Arzt-Patientenkommunikation

(c) Thommy Weiss / pixelio.de

Spiegel online beschäftigt sich heute mit einem Thema, das uns zwar alle angeht, wir jedoch oft zu wenig beachten: Patienten-Aufklärung vor der OP. Und kommt zu dem Ergebnis, dass die Aufklärung allgemein, besonders aber die Gesundheitsinformationen meist mangelhaft sind. In dem wirklich lesenswerten Beitrag sind viele wichtige Punkte genannt, ein paar Aspekte möchte ich aber zusätzlich ansprechen.
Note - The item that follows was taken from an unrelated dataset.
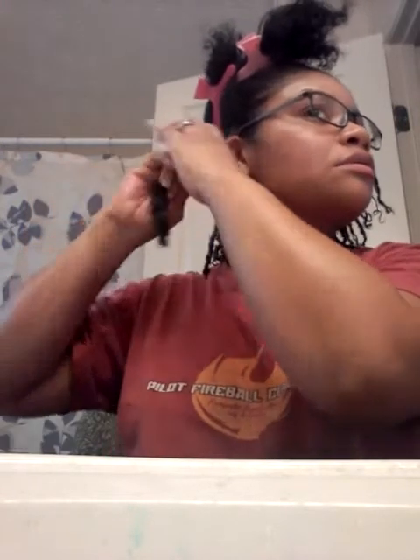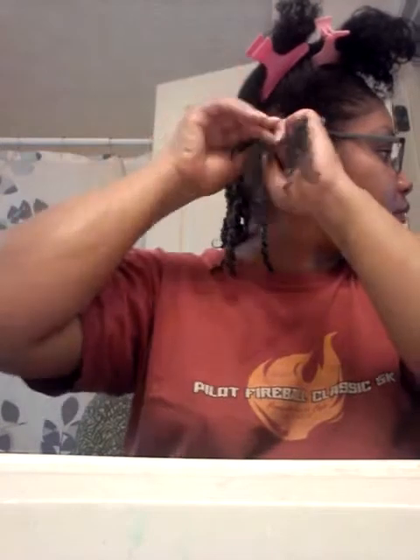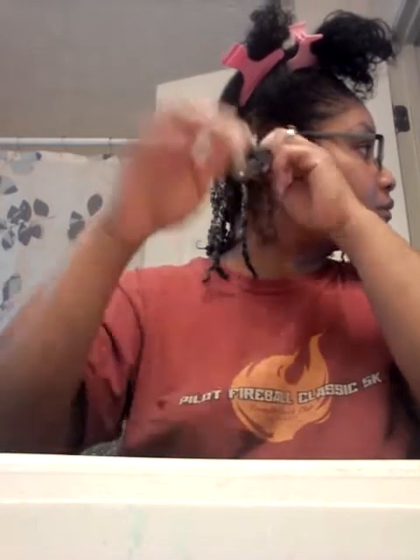I'm taking my homemade shea butter mix, then I'm going to take my Eco Style gel — just a little bit. I'm going to put it at the root, just at the root, to lay my roots down, and then I'm going to start twisting.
  1. Verständlichkeit ist leicht gefordert
    Verständliche Patienteninformationen sind eine Forderung, die man fast immer liest. Nur selten liest man im Bereich der Medizinkommunikation aber, wie Verständlichkeit zu erreichen ist. Denn verständlich Schreiben ist keine Frage des Wollens, das bekommen wir in unseren Seminaren und Coachings immer wieder eindrücklich vor Augen geführt. Gerade Fachleuten fällt es oft schwer, für Laien die richtigen Worte zu finden.
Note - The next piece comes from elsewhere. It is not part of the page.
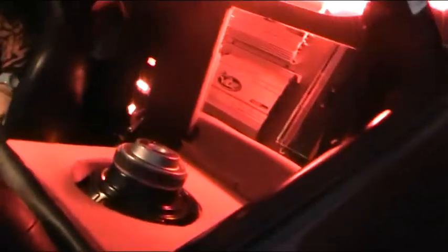Now the parcel shelf's up. We'll just go round and have a good look. Turn the music down a little bit, Alf. Obviously Alfie can't hear a word I'm saying because it's a bit louder in the car than it is outside.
  2. Die Bedürftigsten sind oft vergessen
    Für viele Patienten ist Verständlichkeit noch nicht genug, z. B. weil sie kognitive Einschränkungen haben oder ihre Lesefähigkeit sehr begrenzt ist. Für solche Patienten bieten sich Texte in Leichter Sprache an. Das Informations-Angebot im Medizinumfeld ist hier noch kaum vorhanden, diese Zielgruppen werden bisher kaum berücksichtigt.
  3. Der Kommunikations-Prozess ist nicht im Blick
    Im Spiegel-Artikel klingt es nur ansatzweise an: Die Qualität der Beratungstexte ist nicht allein entscheidend. Genau so wichtig ist, wann die Informationen den Patienten in welcher Form erreichen. Entscheidend ist außerdem – und das bleibt im Beitrag außen vor: Wie sind die Erstellungs- und Überarbeitungsprozesse organisiert, wie wird die Textqualität gemessen und gegebenenfalls angepasst und wie sieht das Qualifikationskonzept für die Autoren aus?
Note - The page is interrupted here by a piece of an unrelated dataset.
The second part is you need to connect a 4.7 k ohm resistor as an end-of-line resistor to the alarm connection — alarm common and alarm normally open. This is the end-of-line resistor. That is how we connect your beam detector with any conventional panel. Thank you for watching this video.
Patienteninformationen werden also auch in Zukunft problematisch bleiben, wenn sie weiterhin von medizinischen Fachleuten mit nur geringen redaktionellen Kenntnissen erstellt werden. Ein Ansatzpunkt ist hier das Medizinstudium, in dem stärker auf die Kommunikationsfähigkeit der Absolventen eingegangen werden soll. Oder man sucht sich externe redaktionelle Unterstützung z. B. für die Erstellung der Materialien oder zur Weiterbildung.